The idea behind this strategy is to replicate global prefetching information in each tile. To explain this technique, we will describe the behavior of the prefetcher following this approach in each of the three phases introduced in Section 6.2. As in Section 6.2, Figure 6.9 shows four tiles that represent a subset of the entire tiled system. In this section, we have also tagged the arrows with a number that represents the behavior in each phase.

1. Analysis phase :When the shared memory is accessed, a new notification message is generated with the information of the memory access (address, core that generated the demand request, if it has been a hit, miss, or useful prefetch, etc.) and broadcast to all the tiles in the system. The prefetcher information is replicated in each tile, which means that all the prefetchers read the request generated by the accessed memory mod- ule and update their status, keeping separate information for the different cores. This isolation can be achieved statically (using separate tables) or dynamically (expanding the access index with the core identifier).

2. Request generation phase: At the end of the analysis phase, several requests may be generated. Note that these requests may or may not be addressed to the same tile as the one from which they have been generated. As all the prefetching engines have the same access information, all of them are going to generate the same requests. This allows the requests that are not addressed to the same tile as the one from which they are generated to be filtered before being queued. This is done in order to prevent extra traffic and too many hit prefetches.

3. Evaluation phase: The prefetching profiling information will be gathered as usual in the shared memory piece by marking as a useful prefetch, for example, a prefetched cache line that is actually accessed by a demand request.

When this strategy is applied the challenges are faced in the following way:

• Pattern detection: The patterns are not distributed anymore because all the modules keep track of all the memory accesses in all the tiles. In this way, each prefetcher keeps a replica of the access memory information. For this reason, each replica is able to detect the patterns without any problems. The isolation of the information at a core level, avoids the distortion of the memory patern that may be introduced when several cores or applications are accesing the same cache.

Fig. 6.9 Phases of the Replication technique: (1) analysis, (2) request generation, and (3) evaluation.

• Prefetching queue filtering: The requests are queued to the same tile from which they are generated or they are filtered. For this reason, the same request cannot be located in two different tiles.
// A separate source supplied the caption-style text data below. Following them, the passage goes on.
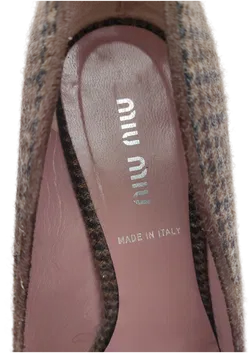 Miu Miu Damen Pumps schwarz/braun Gr. 36,5 - Bild 4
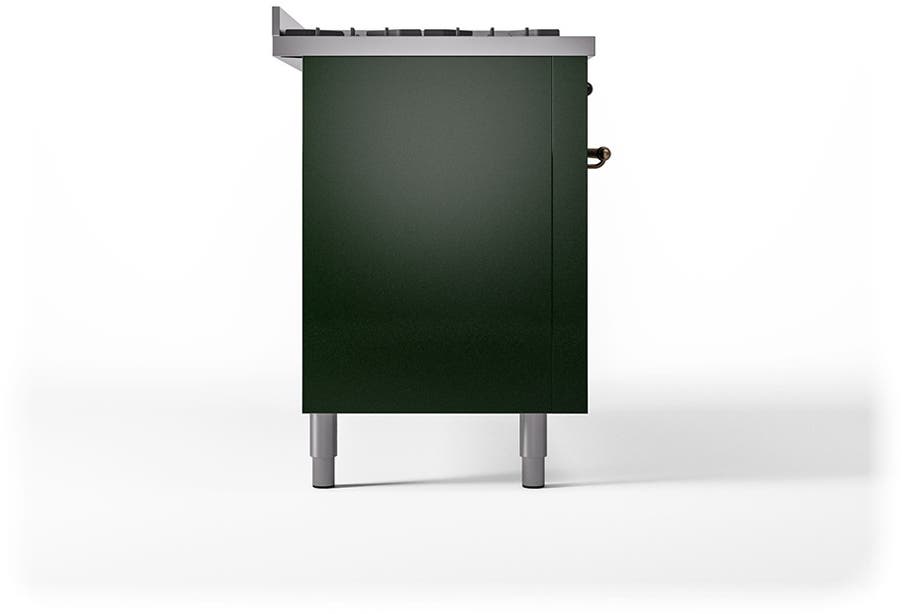 Ilve UP60FQNMPEGBLP Emerald Green With Bronze Trim, Lp
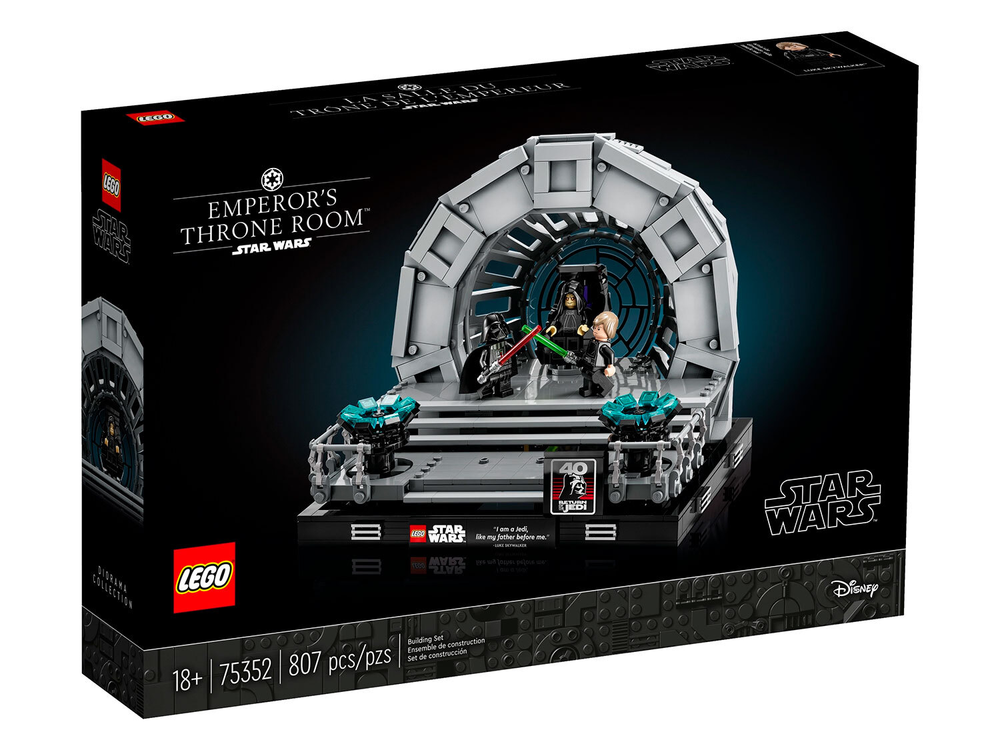 LEGO Star Wars 75352 «Диорама: тронный зал Императора» — сцена из “Возвращения джедая”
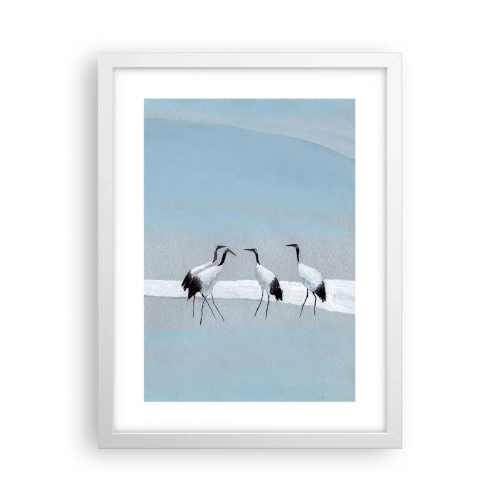 Poster in einem weißen Rahmen - Nach einem heißen Tag - 30x40 cm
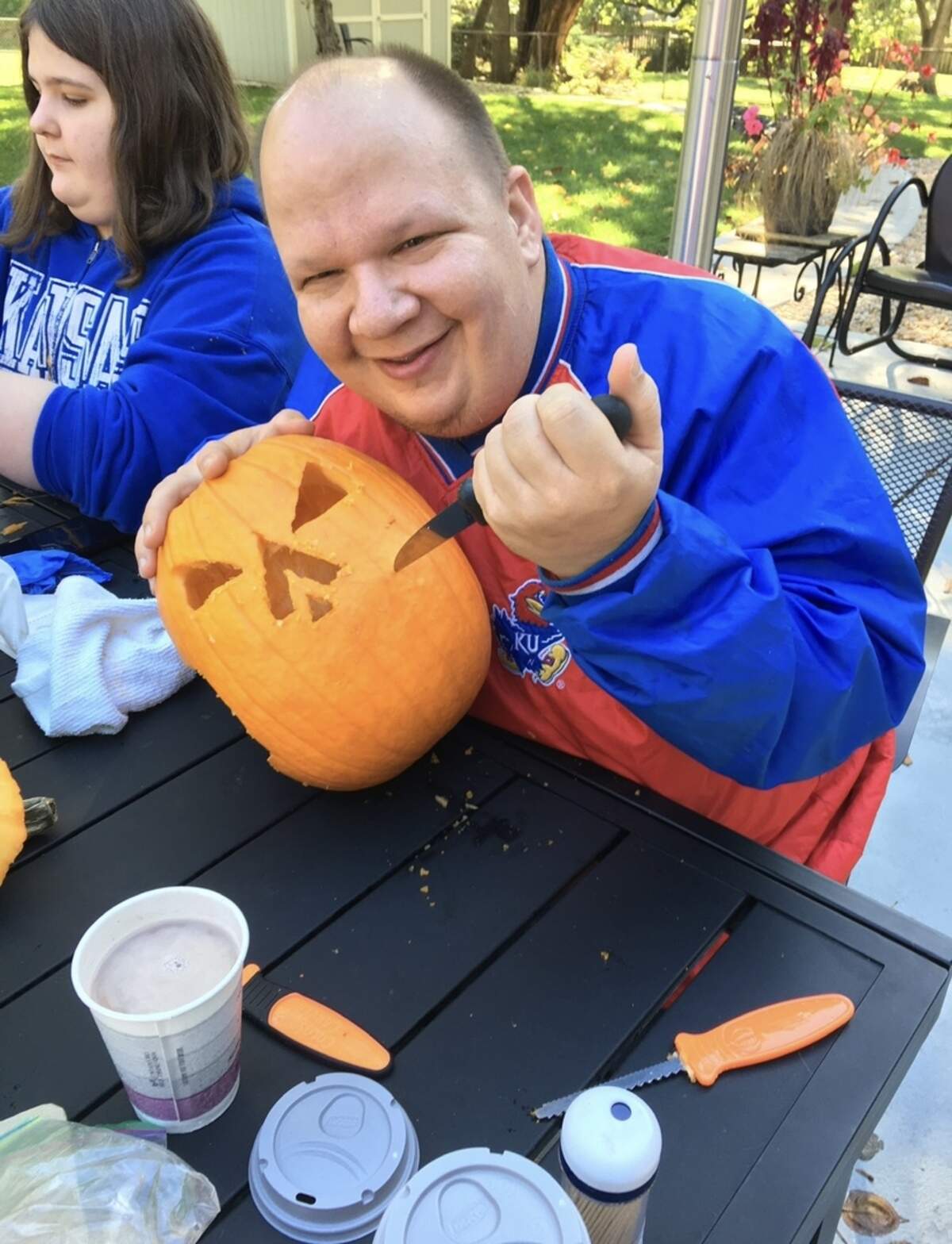 Noah Anderson, 40, died after he was struck by a car while riding his bike in Overland Park. His family remembered him as a kind and loving man who gave great hugs.
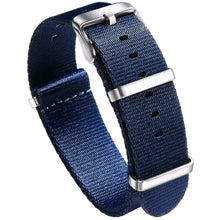 Correa Militar Gruesa "Seatbelt" Azul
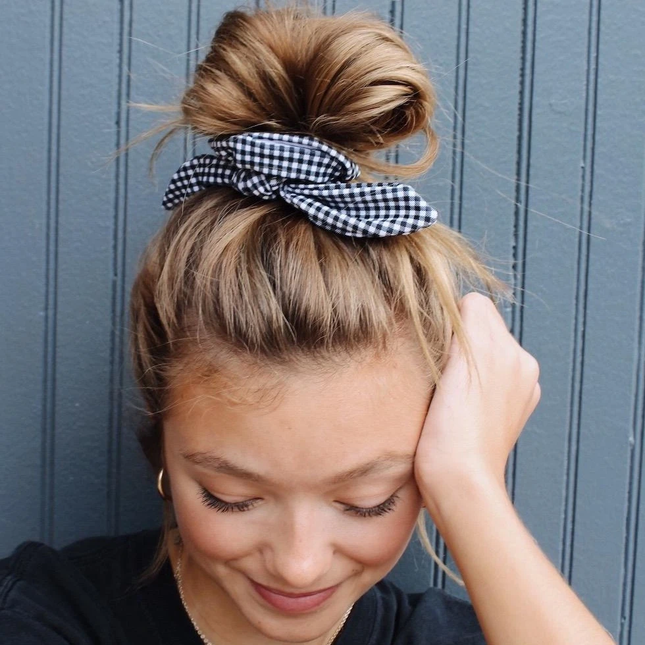 InvisaWear Checkered Scrunchie Safety Accessory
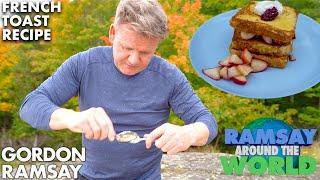 Gordon Ramsay Cooks the Perfect Apple French Toast in Michigan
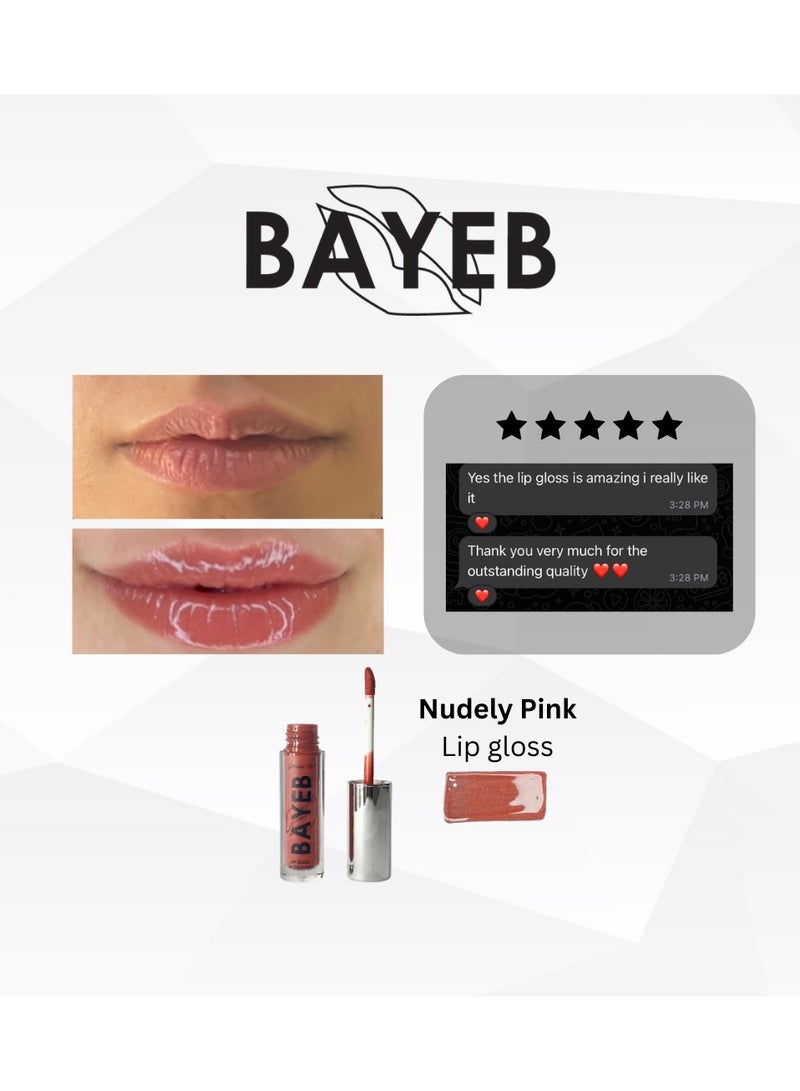 DEOC BAYEB Nudely Pink Lip Gloss - Image 2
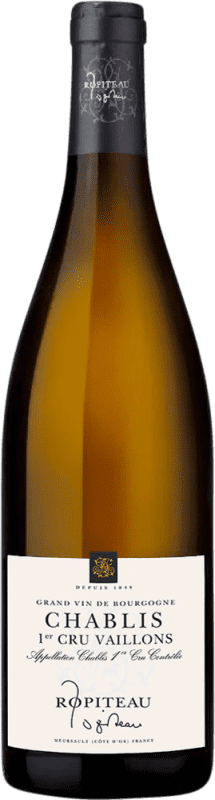 45,95 € 免费送货 | 白酒 Ropiteau Frères A.O.C. Chablis 法国 Chardonnay 瓶子 75 cl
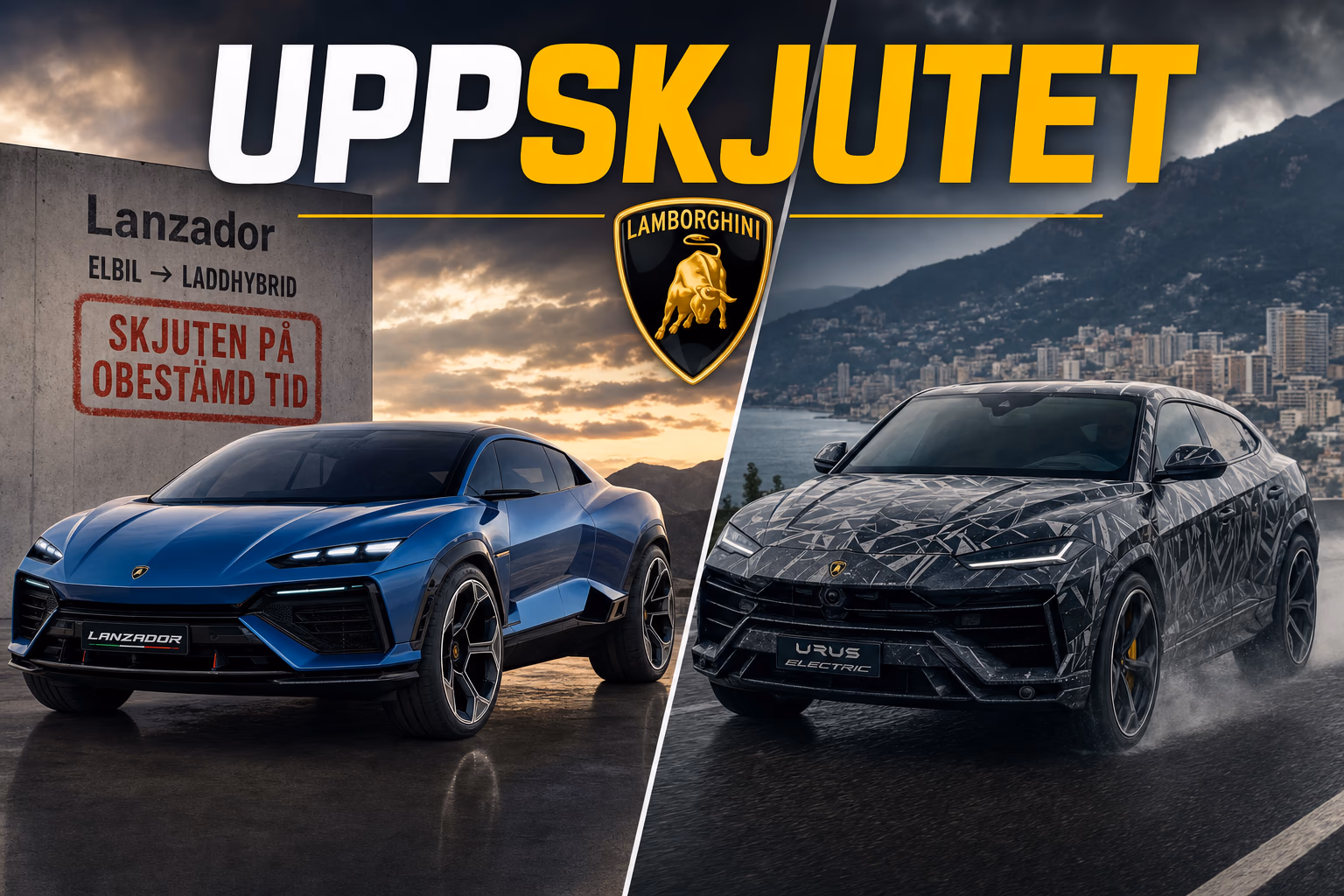 Lamborghini skjuter upp Lanzador och eldriven Urus på obestämd tid
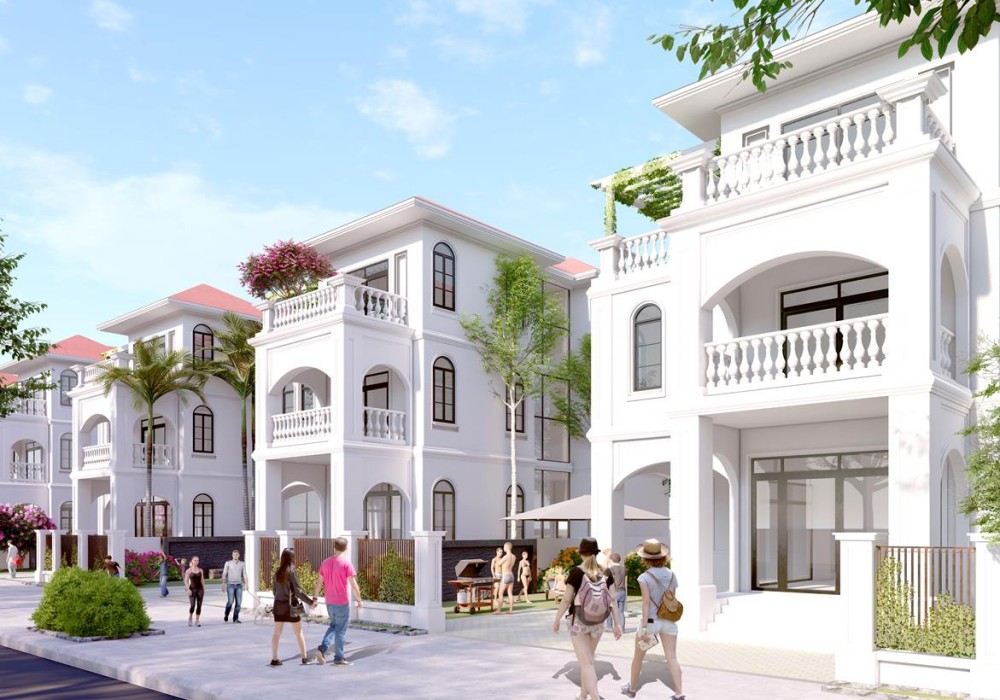 Thiết kế Shop house dự án Royal Star Lake Đồng Xoài Bình Phước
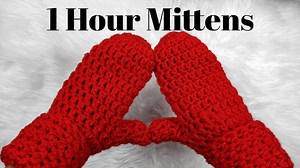 KISS Crochet Mittens | Free Pattern For Beginners - Littlejohn's Yarn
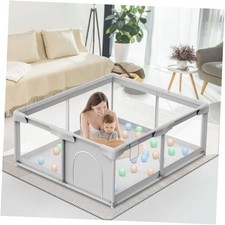 Baby Playpen Baby Playard, Play Pen for Babies and 50 50 Inch Standard Gray 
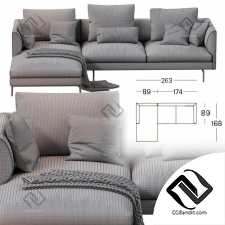 1333 Flamingo Zanotta Sofa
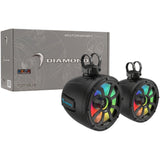 Bocinas de Torre Diamond Audio POD10F4B 10 PLG 400W RGB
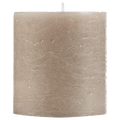 Sand Marled Pillar Candle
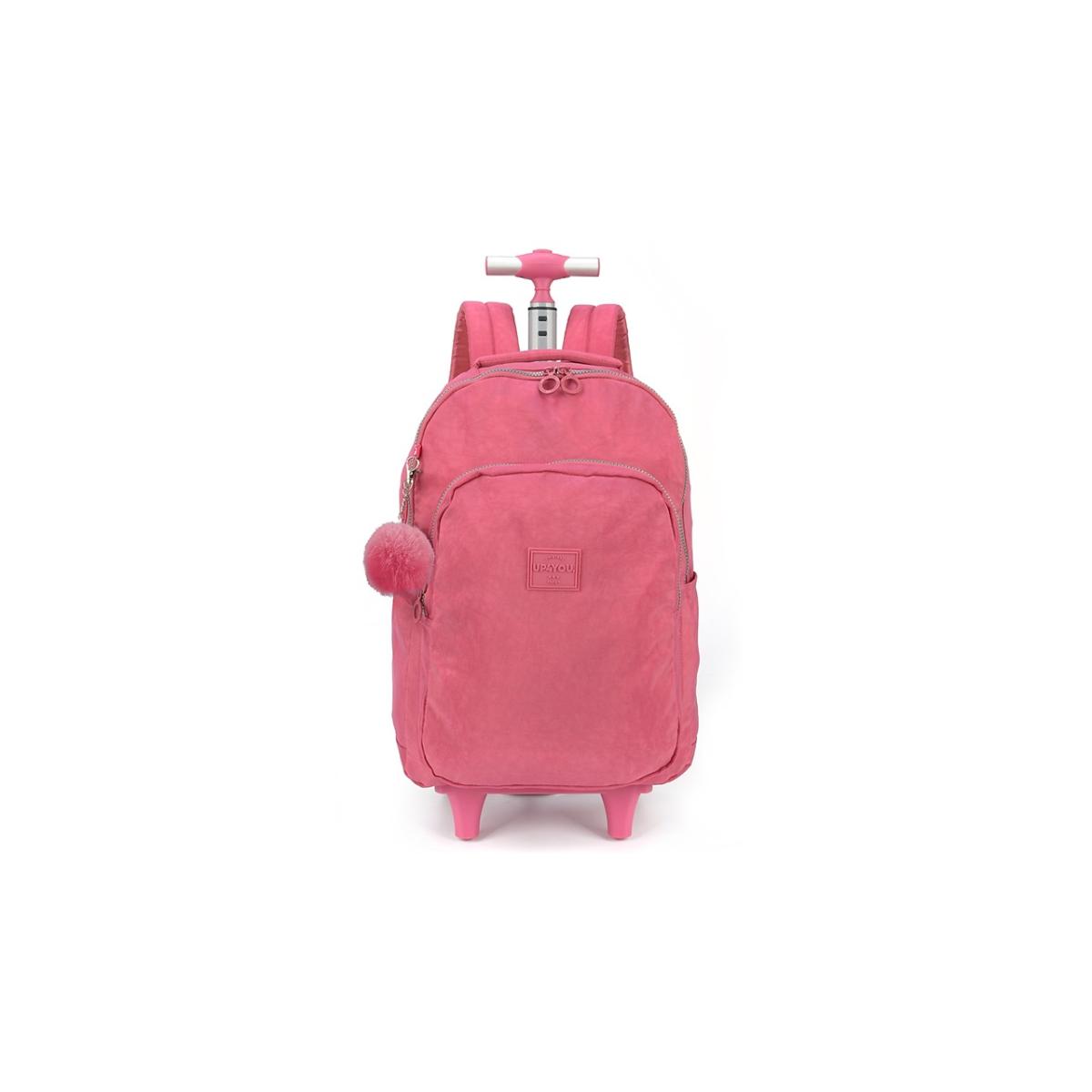 Imagem 1 do produto Mochila Juvenil Rodinha Chaveiro Vinho Up4you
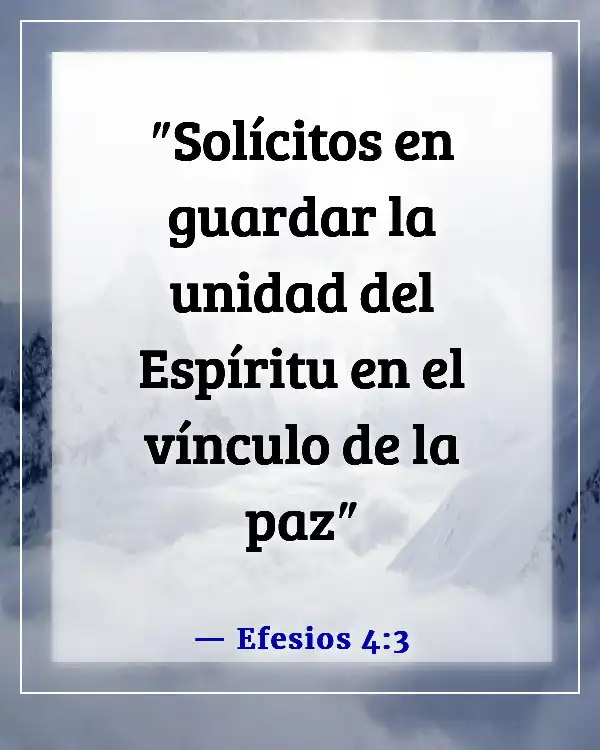 Versículos de la Biblia sobre el liderazgo en la iglesia (Efesios 4:3)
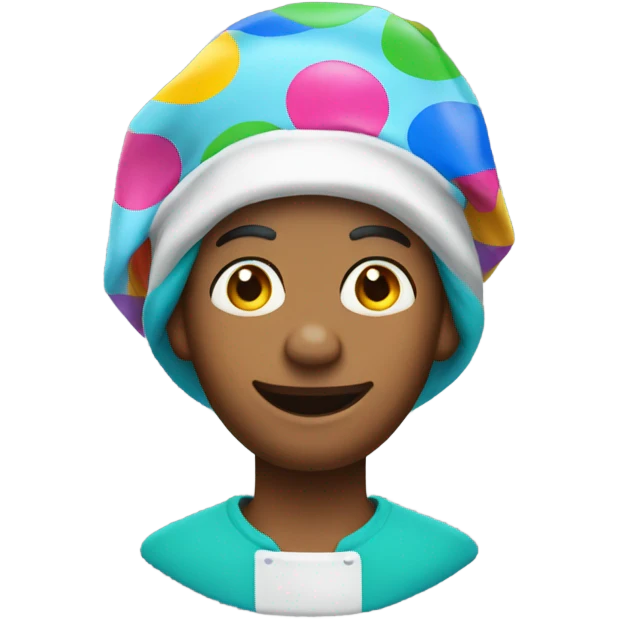 Clown wearing scrub cap emoji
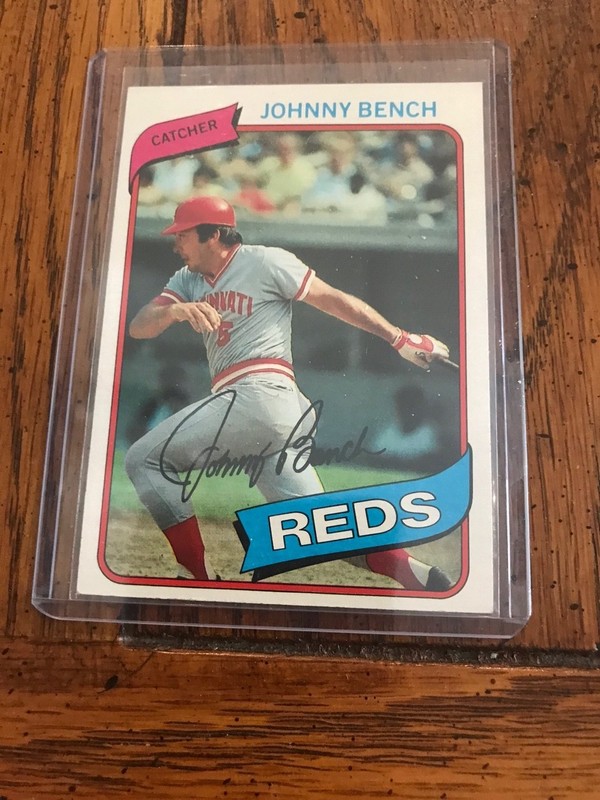 Johnny Bench 1980 Topps Baseball Card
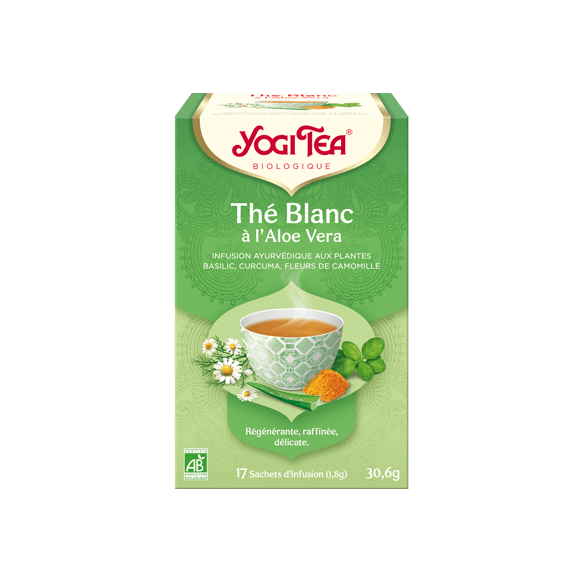 Thé blanc aloe vera bio Yogi Tea - boite 17 sachets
If there is a replicated request in the same tile, the replicated request will be filtered when queued in the prefetch queue.

• Dynamic profiling: Due to the filtering mechanism performed in the request genera- tion phase, a distributed memory piece will only receive prefetching requests from a single prefetching engine, that is, the one in the same tile. Therefore, all the prefetched blocks in the memory will belong to that prefetching engine and all the profiling information regarding the prefetch activity on that piece of the memory will be correct and related with the prefetcher in that tile.

As has been shown, the replication strategy deals with all the challenges presented in this study. However, each of the techniques proposed in this study has some drawbacks compared to the baseline (which cannot deal with the challenges). Table 6.2 shows the main drawbacks of the techniques proposed for solving the challenges and compares them to the baseline. In the following points, we define these drawbacks and show how the replication is affected by them.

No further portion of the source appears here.